Nicolas Maillet Mâcon Verzé 2015

Un très beau chardonnay de Bourgogne qui porte les marques de sa situation plus méridionale et d'un millésime chaud, mais sans sacrifier équilibre ni fraîcheur. Nez très charmeur, délicatement beurré, aux arômes de poire bien mûre et juteuse. Une texture ample et caressante en bouche, d'une excellente tenue, avec une légère salinité en finale. Riche et fin à la fois, mais surtout délicieusement savoureux. Pétoncles poêlés, ris de veau ou poissons en sauce lui iront comme un gant. Ou tout simplement un fromage à pâte molle et croûte fleurie et du bon pain.

30,75 $ (11634691) 13,5 %

Chionetti San Luigi Dogliani 2015

Le nebbiolo est considéré comme le roi des cépages du Piémont. Mais il est loin d'en être la seule star ! La région regorge de cépages indigènes tous plus intéressants les uns que les autres. Chez la famille Chionetti, on excelle dans l'élaboration de vins de dolcetto, sur son terroir de prédilection à Dogliani. Comme avec le vin précédent, on est indéniablement en Italie, avec un vin très sec, frais et ferme à la fois. Mais que d'éclat ! Des arômes de fruits rouges et d'herbes incroyablement alléchants, une grande fraîcheur qui lui confère un côté presque gouleyant, mais le tout encadré par des tannins très fins et fermes. Un vin racé qui prouve la grande qualité du dolcetto. Délicieux à table avec des charcuteries, des pâtes sauce ragù ou à la saucisse et aux champignons, un poulet rôti ou braisé. Et saura sûrement très bien vieillir de six à huit ans.

22 $ (12466001) 14 %

Photo fournie par la SAQ

Nicolas Maillet Mâcon Verze 2015

Hatzidakis Santorini Assyrtiko 2016

Il n'en reste déjà plus que dans une cinquantaine de succursales.

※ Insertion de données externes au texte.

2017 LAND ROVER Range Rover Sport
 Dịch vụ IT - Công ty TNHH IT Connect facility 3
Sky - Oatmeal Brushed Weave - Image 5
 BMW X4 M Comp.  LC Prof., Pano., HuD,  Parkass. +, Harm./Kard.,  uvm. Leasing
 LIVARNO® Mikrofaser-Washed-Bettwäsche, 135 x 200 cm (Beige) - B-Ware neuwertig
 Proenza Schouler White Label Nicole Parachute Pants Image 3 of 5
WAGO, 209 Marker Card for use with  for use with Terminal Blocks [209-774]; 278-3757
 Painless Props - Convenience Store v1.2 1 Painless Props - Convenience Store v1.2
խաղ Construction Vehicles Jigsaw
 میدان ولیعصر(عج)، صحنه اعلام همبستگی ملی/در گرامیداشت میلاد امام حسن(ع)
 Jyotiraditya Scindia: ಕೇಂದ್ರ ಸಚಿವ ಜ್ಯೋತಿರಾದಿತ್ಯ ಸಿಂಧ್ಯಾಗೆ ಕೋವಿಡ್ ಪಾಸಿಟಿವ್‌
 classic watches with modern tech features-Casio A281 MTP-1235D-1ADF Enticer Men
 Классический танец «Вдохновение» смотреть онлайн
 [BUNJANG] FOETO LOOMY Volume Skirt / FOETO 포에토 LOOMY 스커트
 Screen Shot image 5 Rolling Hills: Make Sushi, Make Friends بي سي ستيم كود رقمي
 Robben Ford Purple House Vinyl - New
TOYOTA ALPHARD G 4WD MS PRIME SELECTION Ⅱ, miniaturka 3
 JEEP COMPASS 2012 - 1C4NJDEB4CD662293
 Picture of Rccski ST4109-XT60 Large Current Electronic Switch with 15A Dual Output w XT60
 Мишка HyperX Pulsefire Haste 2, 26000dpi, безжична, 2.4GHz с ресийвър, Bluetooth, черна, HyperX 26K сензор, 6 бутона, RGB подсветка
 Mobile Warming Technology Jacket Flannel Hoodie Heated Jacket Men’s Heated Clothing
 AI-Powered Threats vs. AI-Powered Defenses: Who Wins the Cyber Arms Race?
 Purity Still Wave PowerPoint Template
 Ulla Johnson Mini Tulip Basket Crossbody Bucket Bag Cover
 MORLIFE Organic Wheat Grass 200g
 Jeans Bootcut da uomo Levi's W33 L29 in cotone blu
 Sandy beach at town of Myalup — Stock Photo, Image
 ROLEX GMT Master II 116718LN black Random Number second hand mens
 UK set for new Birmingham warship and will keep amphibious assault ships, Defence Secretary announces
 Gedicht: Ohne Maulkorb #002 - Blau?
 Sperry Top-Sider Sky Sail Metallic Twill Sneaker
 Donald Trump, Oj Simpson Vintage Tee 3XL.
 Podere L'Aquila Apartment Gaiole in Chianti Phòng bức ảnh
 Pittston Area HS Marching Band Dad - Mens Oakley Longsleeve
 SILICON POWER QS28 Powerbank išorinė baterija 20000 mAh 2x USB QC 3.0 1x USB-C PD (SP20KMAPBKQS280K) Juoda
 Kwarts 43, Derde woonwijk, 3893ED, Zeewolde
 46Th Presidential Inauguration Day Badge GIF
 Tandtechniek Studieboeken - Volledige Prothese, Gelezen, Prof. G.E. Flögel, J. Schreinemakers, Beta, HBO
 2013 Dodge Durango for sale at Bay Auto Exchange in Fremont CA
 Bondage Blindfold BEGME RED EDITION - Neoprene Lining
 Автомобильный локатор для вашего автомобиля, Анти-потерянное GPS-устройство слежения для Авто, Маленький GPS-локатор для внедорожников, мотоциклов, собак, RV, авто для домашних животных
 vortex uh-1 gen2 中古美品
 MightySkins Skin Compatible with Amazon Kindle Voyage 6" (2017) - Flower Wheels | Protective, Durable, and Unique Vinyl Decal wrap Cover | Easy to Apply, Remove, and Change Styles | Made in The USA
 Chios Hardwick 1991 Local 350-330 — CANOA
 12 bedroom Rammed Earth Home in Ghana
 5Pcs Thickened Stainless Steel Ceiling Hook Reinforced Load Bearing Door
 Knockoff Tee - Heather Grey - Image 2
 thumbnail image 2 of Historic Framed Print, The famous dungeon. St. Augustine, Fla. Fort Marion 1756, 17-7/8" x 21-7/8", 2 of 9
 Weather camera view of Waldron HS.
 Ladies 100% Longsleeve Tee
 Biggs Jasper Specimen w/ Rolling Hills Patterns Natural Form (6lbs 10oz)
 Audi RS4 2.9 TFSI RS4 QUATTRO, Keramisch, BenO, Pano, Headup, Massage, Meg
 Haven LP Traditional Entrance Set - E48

C'est toujours le cas avec les vins de ce grand producteur de Santorin. Mais je tenais à le signaler, un, pour rendre hommage au grand vigneron Haridimos Hatzidakis qui vient de nous quitter, beaucoup trop tôt, et deux, parce que ce vin est l'essence même de Santorin. Un vin d'une puissance et d'une présence en bouche à faire pâlir de nombreux vins rouges, aux arômes envoûtants et difficiles à décrire, d'agrumes, de pelure de pomme verte, de mer et de volcan, à la bouche ample et pourtant tonique, dotée d'une grande salinité. Sûrement pas au goût de tous, mais une merveilleuse interprétation d'un terroir exceptionnel. Fait pour la table, il brillera avec tout ce qui sent bon la mer mais accompagnera aussi des grillades de poulet ou d'agneau.